Introduction
A separate database plugin to support MongoDB-specific features and configurations.
Use-Case
- Users can choose and install MongoDB source and sink plugins.
- Users should see MongoDB logo on plugin configuration page for better experience.
- Users should get relevant information from the tool tip:
- The tool tip should describe accurately what each field is used for.
- Users should not have to specify any redundant configuration
- Users should get field level lineage for the source and sink that is being used.
- Reference documentation should be updated to account for the changes.
- The source code for MongoDB database plugin should be placed in repo under data-integrations org.
- Integration tests for MongoDB database plugin should be added in the test repo.

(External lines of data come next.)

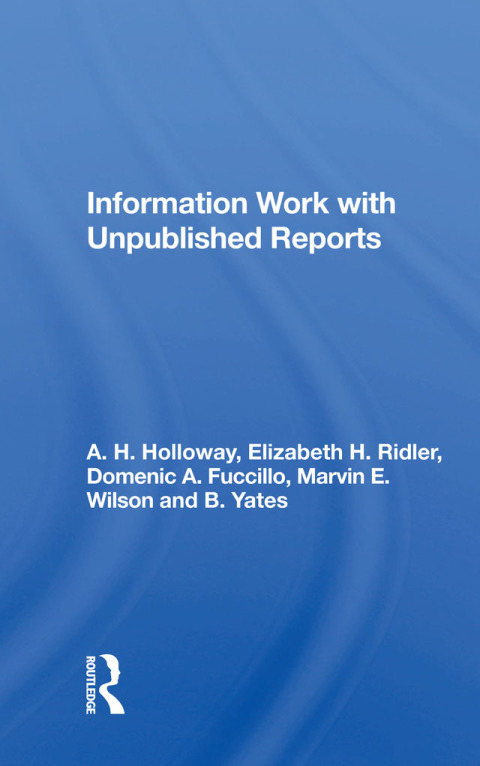 Cover image for book Information Work With Unpublished Reports
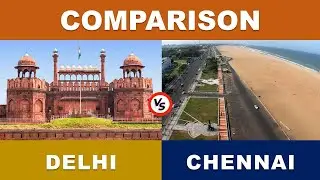 Delhi vs Chennai comparison | COMPARING WORLD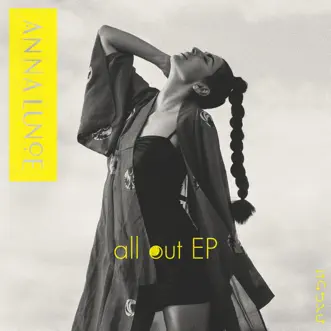 All Out by Anna Lunoe song reviws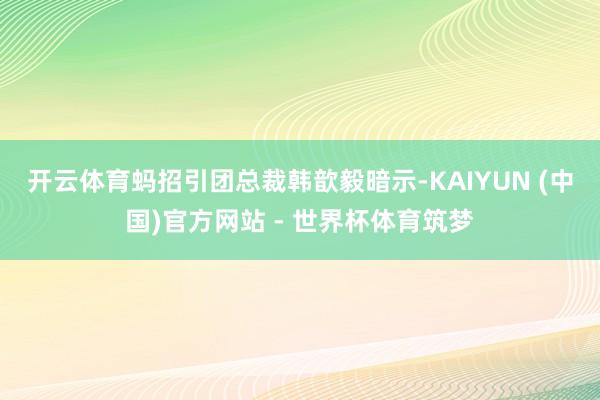 开云体育　　蚂招引团总裁韩歆毅暗示-KAIYUN (中国)官方网站 - 世界杯体育筑梦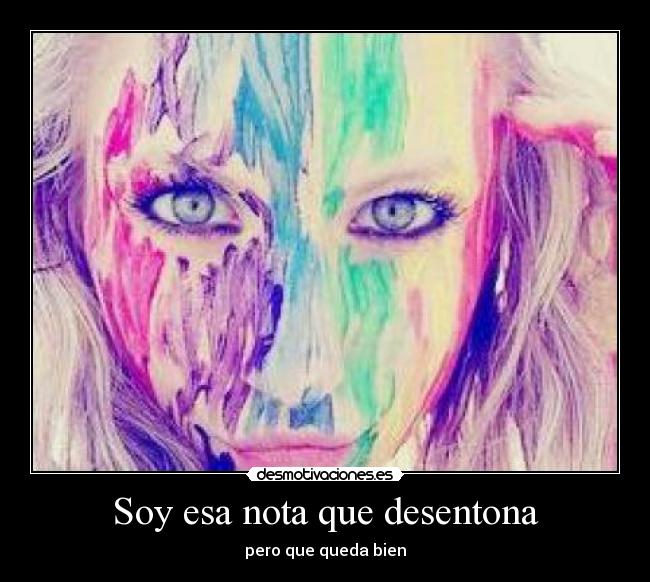 Soy esa nota que desentona - pero que queda bien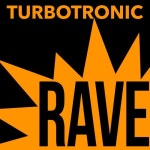 레이브 (Rave) - 벅스 레이브 (Rave) / 터보트로닉(Turbotronic)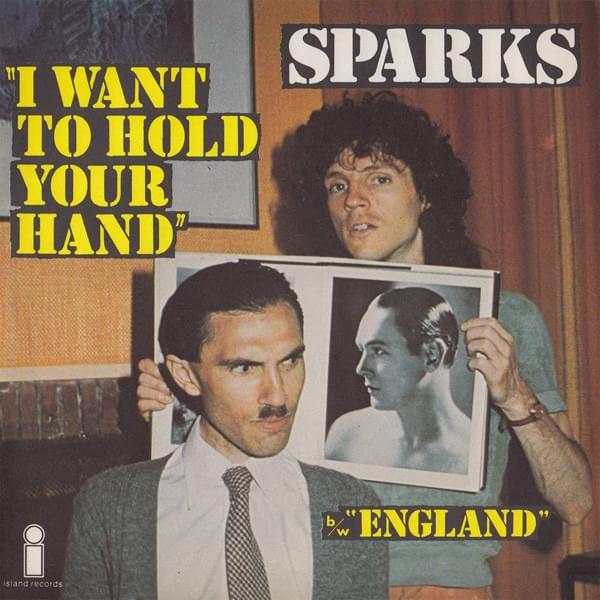 Album cover art for "I Want To Hold Your Hand" by Sparks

- The data pipeline using source and sink plugins should run on both mapreduce and spark engines.
User Stories
- User should be able to install MongoDB specific database source and sink plugins from the Hub
- Users should have each tool tip accurately describe what each field does
- Users should get field level lineage information for the MongoDB source and sink
- Users should be able to setup a pipeline avoiding specifying redundant information
- Users should get updated reference document for MongoDB source and sink
- Users should be able to read all the DB types
Plugin Type
- Batch Source
- Batch Sink
- Real-time Source
- Real-time Sink
- Action
- Post-Run Action
- Aggregate
- Join
- Spark Model
- Spark Compute
Design Tips
MongoDB driver reference: http://mongodb.github.io/mongo-java-driver/3.10/driver/
Existing database plugins: https://github.com/cdapio/hydrator-plugins/tree/develop/database-plugins
Design
The suggestion is to create maven sub-module MongoDB under database-plugins repository.
Sink Properties
User Facing Name | Type | Description | Constraints |
---|---|---|---|
Label | String | Label for UI. | |
Reference Name | String | Uniquely identified name for lineage. | |
Host | String | Host that MongoDB is running on. | Required (defaults to localhost on UI) |
Port | Number | Port that MongoDB is listening to. | Optional (default 27017) |
Database | String | MongoDB database name. | Required |
Collection | String | Name of the database collection to write to. | Required |
Username | String | User identity for connecting to the specified database. | |
Password | Password | Password to use to connect to the specified database. | |
Connection Arguments | Keyvalue | A list of arbitrary string key/value pairs as connection arguments. See Connection String Options for a full description of these arguments. |
Source Properties
User Facing Name | Type | Description | Constraints |
---|---|---|---|
Label | String | Label for UI. | |
Reference Name | String | Uniquely identified name for lineage. | |
Host | String | Host that MongoDB is running on. | Required (defaults to localhost on UI) |
Port | Number | Port that MongoDB is listening to. | Optional (default 27017) |
Database | String | MongoDB database name. | Required |
Collection | String | Name of the database collection to write to. | Required |
Output Schema | Schema | Specifies the schema of the documents. | Required |
Input Query | String | Optionally filter the input collection with a query. This query must be represented in JSON format and use the MongoDB extended JSON format to represent non-native JSON data types. | |
Input Fields | String | Projection document that can limit the fields that appear in each document. This must be represented in JSON format, and use the MongoDB extended JSON format to represent non-native JSON data types. If no projection document is provided, all fields will be read. | |
Splitter Class | The name of the Splitter class to use. If left empty, the MongoDB Hadoop Connector will attempt to make a best-guess as to which Splitter to use. The Hadoop connector provides these Splitters:
| ||
Username | String | User identity for connecting to the specified database. | |
Password | Password | Password to use to connect to the specified database. | |
Authentication Connection String | Auxiliary MongoDB connection string to authenticate against when constructing splits. | ||
Connection Arguments | Keyvalue | A list of arbitrary string key/value pairs as connection arguments. See Connection String Options for a full description of these arguments. |
Approach
Create a module mongodb-plugin in database-plugins project, reuse existing database-plugins code if possible. Add MongoDB-specific properties to configuration, add support for MongoDB-specific datatypes. Update UI widgets JSON definitions.